What Solar Water Pumping Can Be Used For

    Domestic Water:
    Solar pumps are used for private homes, villages, medical clinics, etc. A water pump can be powered by its own PV array, or by a main system that powers lights and appliances. An elevated storage tank may be used, or a second pump called a booster pump can provide necessary water pressure.

    Livestock Watering:
    Cattle ranchers are enthusiastic users of solar pumps. Their water sources are scattered over vast rangeland where power lines are few and costs of transport and maintenance are high. Some ranchers use solar pumps to distribute water through several miles (over 5 km) of pipelines. Others use portable systems, and move them from one water source to another

    Solar pumps are used on small farms, orchards, vineyards and gardens. It is most economical to power the pump directly from the PV array, store water in a tank, and then distribute it by gravity flow. Where pressurizing is required, storage batteries stabilize the voltage for consistent flow and distribution, and may eliminate the need for a storage tank. Batteries also introduce cost, complexity and additional maintenance into the system.

Solar pumping tends to be most competitive in small installations where combustion engines are least economical. The smallest solar pumps run on less than 150 watts of PV, and can lift water from depths exceeding 200 Feet (65 m) at 1.5 gallons (5.7 liters) per minute. As a result, solar pumping lets us utilize low-yield water sources.

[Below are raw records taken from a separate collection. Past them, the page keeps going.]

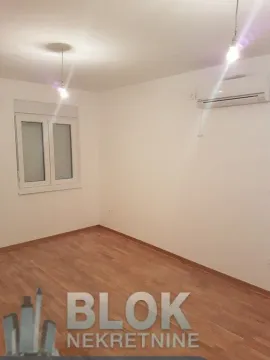 Izdavanje, jednosoban stan, 47m², City Kej, Podgorica - image 9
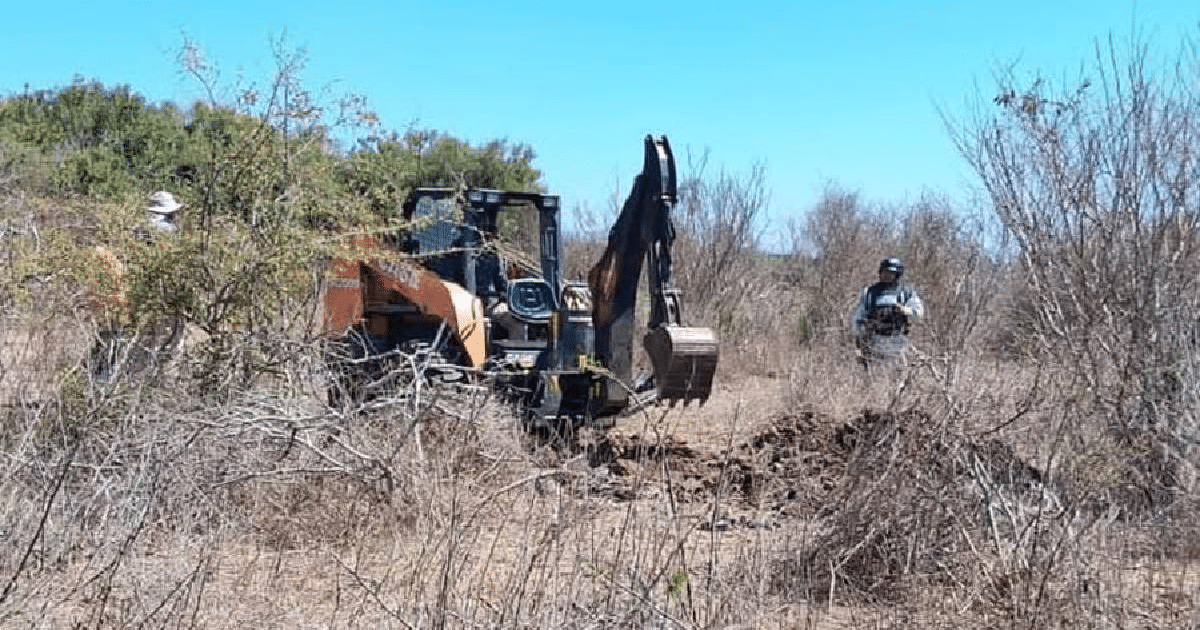 Retroexcavadora en terreno árido durante operativo de búsqueda en Mazatlán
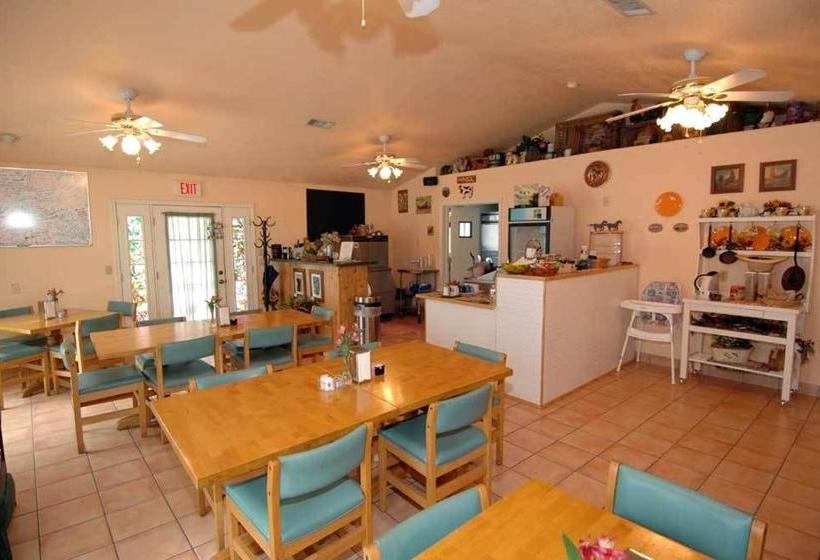 Отель Buffalo Pointe Inn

Designing a Solar Pumping Solution

For solar water pumps, first identify how much water you need per day and the vertical lift required. Next, determine whether a submersible pump or a surface pump is best. Submersible pumps are suited both to deep well and to surface water sources. Surface pumps can only draw water from about 20 feet below ground level, but they can push it far uphill.

To determine the flow rate required, use the following equation:

    Gallons per Hour = Gallons Per Day/ Available Peak Sun Hours per Day

Peak Sun Hours refer to the average equivalent hours of full sun energy received per day. It varies with the location and the season. Use the map below to find an estimate of the available peak sun hours per day where you live.

Deciding on a Pump

The decision of what type, make, and model of pump to use in a given situation is very critical to the overall success of a project, and should be given thorough consideration prior to purchase. The main considerations are:

    Volume. How much water is required per day?
    Location. What is the physical location of the project?
    Water source. Is the source a well, a pond, a stream or cistern?
    Depth. How deep is the well?
    Water level. What is the “static” water level within the well?
    Recovery Period. What is the “rate of recovery”? (At what rate in gallons per minute does the water re-enter the well while being pumped?)
    Head. What is the TDH (Total Dynamic Head)? The vertical distance as measured from the surface of the standing water in the well to the point of delivery into tank, etc.
    Pipe. What is the inside diameter of the delivery pipe and what is the total pipe length?
    Water Temperature. Through special application, it is possible to pump water > 120 degrees F, and even higher.
    Wire Length. What is the total proposed distance from the PV array to the pump?